Elle a probablement été cultivée sous serre chauffée, récoltée avant maturité pour supporter le transport, puis stockée en chambre froide. Le temps qu’elle arrive dans ton assiette, elle a perdu une bonne partie de ses antioxydants, de sa vitamine C et de ses pigments protecteurs. Et au passage, elle a le goût d’un vague souvenir de tomate. Tu sais, ce goût d’eau avec une texture farineuse qui te fait te demander pourquoi tu as payé 4 euros le kilo pour ça.
En plus de la perte nutritionnelle, il y a la question des traitements. Les cultures hors saison sous serre nécessitent souvent plus de pesticides et de produits phytosanitaires, parce que la plante n’est pas dans son environnement naturel et se défend moins bien toute seule. C’est pas pour te faire flipper, c’est juste pour que tu puisses faire un choix éclairé.
Et puis il y a l’argument du porte-monnaie. Un produit hors saison coûte plus cher, parce que tu payes le chauffage de la serre, le transport longue distance, le stockage en chambre froide. Bref, tu payes plus pour avoir moins. C’est un peu comme acheter un billet de concert au marché noir : le prix est doublé et t’as quand même une place derrière un pilier.
OK, mais en mars on mange quoi exactement ?

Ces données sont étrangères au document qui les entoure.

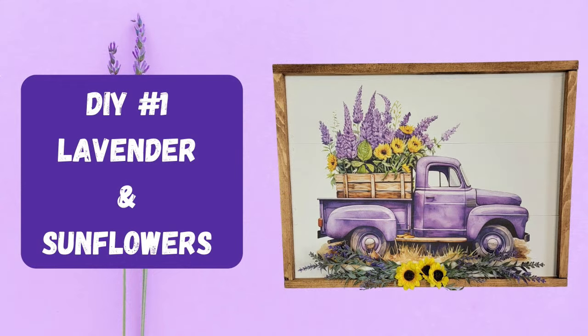Hi friends and welcome back to Rustic and Lace DIY for another fun-filled video. If you're new here, my name is Brenda, this is my sweet Oliver. If you're returning, you guys are appreciated so much. With all that being said, let's get to crafting!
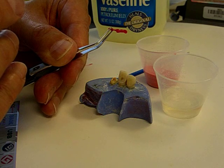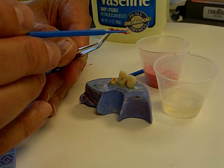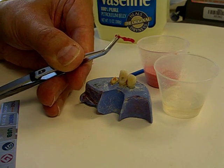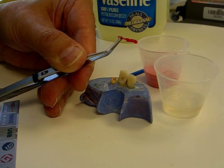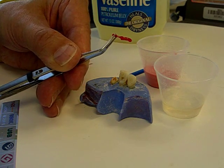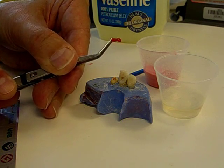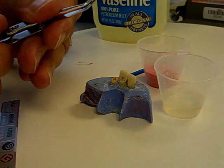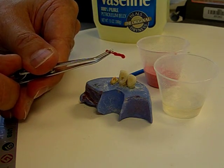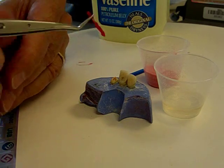I'm adding monomer and polymer to the very tip of my plastic sprue. I'll allow that to frost up now, prior to inserting it into the canal. That's just about frosted up at this point, so we'll reinsert it into the canal.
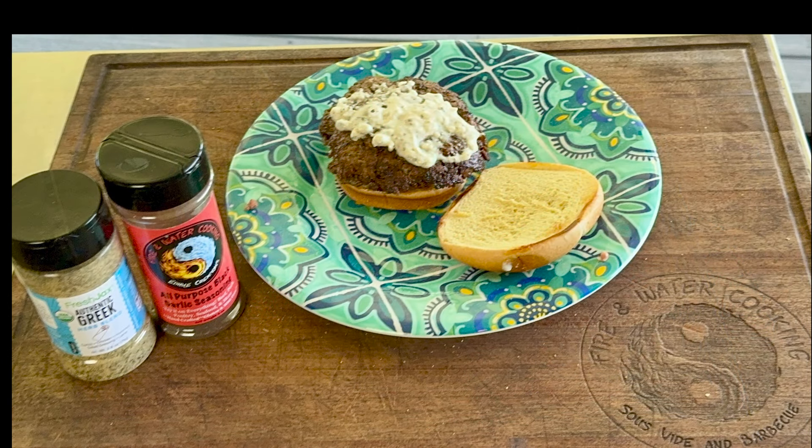Try it out. Thanks for watching. Follow us on Facebook, watch us on Instagram. Check out the Fire and Water Cooking Edible Creations down below. I'll see you on the next one — I'm going to finish off this lamb burger.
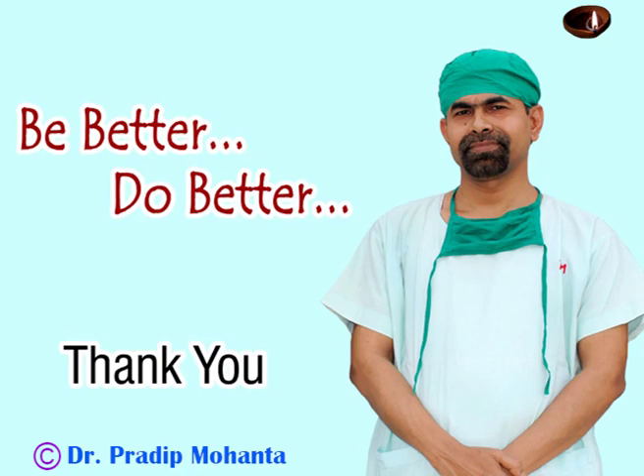The anterior chamber is formed and the case is closed. Thank you very much for watching. Hope this video will help you in developing your surgical skills. Be better and do better.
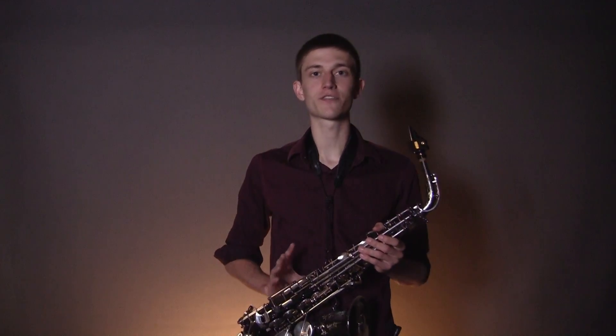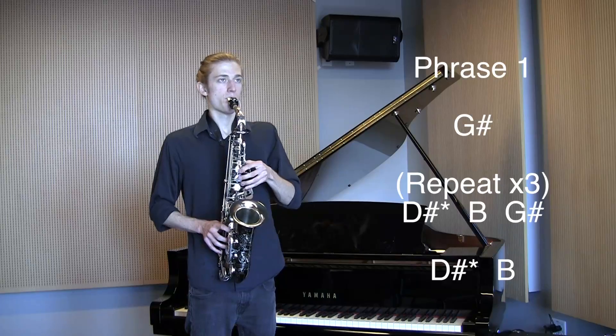And there you have it — it only takes four different parts to learn Mr. Saxo Beat. Here's the third one.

Parce que c’est bien joli la théorie, mais quand t’es devant l’étal du marché ou dans le rayon légumes, faut savoir quoi chercher.
Côté légumes (mars)
Poireaux, choux (tous les choux : chou-fleur, chou vert, chou rouge, chou de Bruxelles), carottes, navets, panais, betteraves, épinards, mâche, endives, céleri-rave, topinambour, radis noir, salsifis. Et les premiers signes du printemps commencent à pointer : les asperges arrivent doucement selon les régions.
Côté fruits (mars)
Pommes, poires, kiwis, oranges, clémentines (fin de saison), citrons, pamplemousses.
Oui, je sais, c’est pas la fiesta tropicale. Mars, c’est le mois de transition entre l’hiver et le printemps, et les étals ne sont pas encore couverts de fraises et de pêches. Mais il y a de quoi faire, crois-moi.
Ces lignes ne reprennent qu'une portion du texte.